La nuova app, caso mai, è una pessima notizia per il mercato dei podcast, in ascesa negli ultimi anni, e per chi ci ha investito molto – come Spotify, ad esempio. La facilità con cui si può creare una stanza e iniziare a parlare, infatti, altro non è che una rapida disintermediazione dello strumento audio e una disruption dell’unico settore dell’informazione mainstream che sembrava aver retto all’impatto dei social: quello della voce e della radio. E ciò a cui stiamo assistendo su Clubhouse è il prodromo di una banalizzazione dell’audio che presto supererà un punto di non ritorno. A che serve investire su un buon microfono, imparare a montare un contenuto audio, o – non sia mai – pensare a qualcosa di interessante da dire? Basta collegarsi a Clubhouse, e pronti via: con una qualità pessima ma sufficiente si può subito far parte di un pubblico che ci mette l’avatar, avere l’illusione di partecipare a un dibattito ignorandone la natura effimera, sentirsi parte di uno stuolo di opinionisti (o di un pubblico che s’illude di aver accesso ai propri beniamini famosi). Non lo dico io, lo dicono senza mezzi termini dalla Andreessen-Horowitz sul sito ufficiale della società:

“In un panorama di social media che tipicamente ti costringono a passare ore a fissare uno schermo, spesso passando distrattamente tra più schermi, Clubhouse ti permette di fare multitasking mentre ascolti. Come i podcast, puoi ascoltare mentre fai una passeggiata, pieghi il bucato o ti alleni. Può anche essere il fulcro della tua serata, come assistere a una conferenza o a un discorso. Ma è anche interattivo, quindi se hai qualcosa da dire, puoi alzare la mano e intervenire. Poiché stai ascoltando le persone parlare, Clubhouse offre uno scambio di idee in tempo reale, non solo il consumo di contenuti statici realizzati ad arte. È un'esperienza nuova che porta umanità e contesto all'impegno sociale online.”

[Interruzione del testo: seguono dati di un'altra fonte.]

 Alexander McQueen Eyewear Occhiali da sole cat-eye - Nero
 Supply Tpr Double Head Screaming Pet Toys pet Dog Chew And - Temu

Marc Andreessen & Ben Horowitz
Marc Andreessen & Ben Horowitz

Il risultato – ora che le élite hanno lasciato spazio agli inviti di massa – sono conversazioni casuali e disorganizzate, raramente interessanti, spesso fonte di disinformazione non moderata, paragonabili a un brusio di fondo, dei talk show improvvisati e senza sostanza. Gli esperti si moltiplicano e tutti hanno improvvisamente qualcosa da dire, per ore e ore. Nelle room italiane sono tutti esperti di digitale, di giornalismo e new media, di coaching, di business development e influencing marketing. Nessuno si preoccupa davvero di verificare i titoli o la credibilità di chi sta parlando. La maggior parte delle persone così ascoltano e si illudono di aver portato a casa qualcosa da una conversazione a cui a stento hanno prestato l’orecchio mentre portavano a spasso il cane. 

Ciò nonostante Clubhouse è già oggi, al netto di ciò che diverrà con l’arrivo delle moltitudini (o del grosso dello sciame, per dirla con Byung-Chul Han) un esperimento riuscito. E con il suo miliardo di valutazione da poco raggiunto, è un’altra – l’ennesima – impresa siliconvalligiana a cui accettiamo di buon grado di regalare il nostro tempo, le nostre risorse mentali, la nostra preziosa attenzione. Attirati dalla gratuità, dalla novità, e da un’esclusività che non è tale, ancora una volta ci facciamo supinamente prodotto, contribuendo ad accentrare valore e denaro verso la solita sparuta cerchia di maschi ricchi e privilegiati delle élite tecnologiche.